Figure 8: Comparison of latency for the different synthesized versions
Figure 9 shows a timeline of the project with the various design flows. The traditional HDL design flow took almost two months to get the first validated hardware; where four weeks were spent in the initial design and coding in Verilog, two weeks for architectural refinements and optimization and another two weeks for testing and validation. The traditional HLS flow, without SLX FPGA, took almost three weeks, where most of the time was spent in architectural exploration and optimization. With SLX, we were able to get through the whole cycle in less than a week. Most importantly, specification updates can be implemented much faster with the SLX flow than in HDL or even the traditional HLS flow.
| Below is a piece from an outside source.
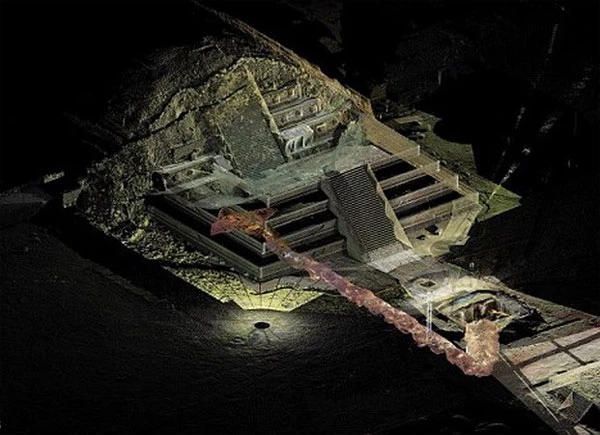 Đồ họa cho thấy con đường hầm có lẽ dẫn đến một ngôi mộ hoàng tộc ở Teotihuacan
Figure 9: Project timelines comparing different development flows
We used SLX FPGA as an analysis tool to drive our code refactoring effort to optimize an industrial image processing application. We then used SLX FPGA to automatically explore the design space and find the optimal pragmas and pragma settings to minimize latency while staying within our resource utilization constraints. The results are compared to a handwritten HDL implementation. By using SLX FPGA and Vivado HLS, we were able to beat the performance of our HDL, with a speed-up of 64%. The real benefit is that it took us only one week to implement, optimize, and validate the C application. The flow not only yielded better results in a fraction of the time, but it is also far less impacted by last-minute changes to the algorithm when compared to the HDL flow.
*1 SLX version 2020.2 is used for the results presented in this paper.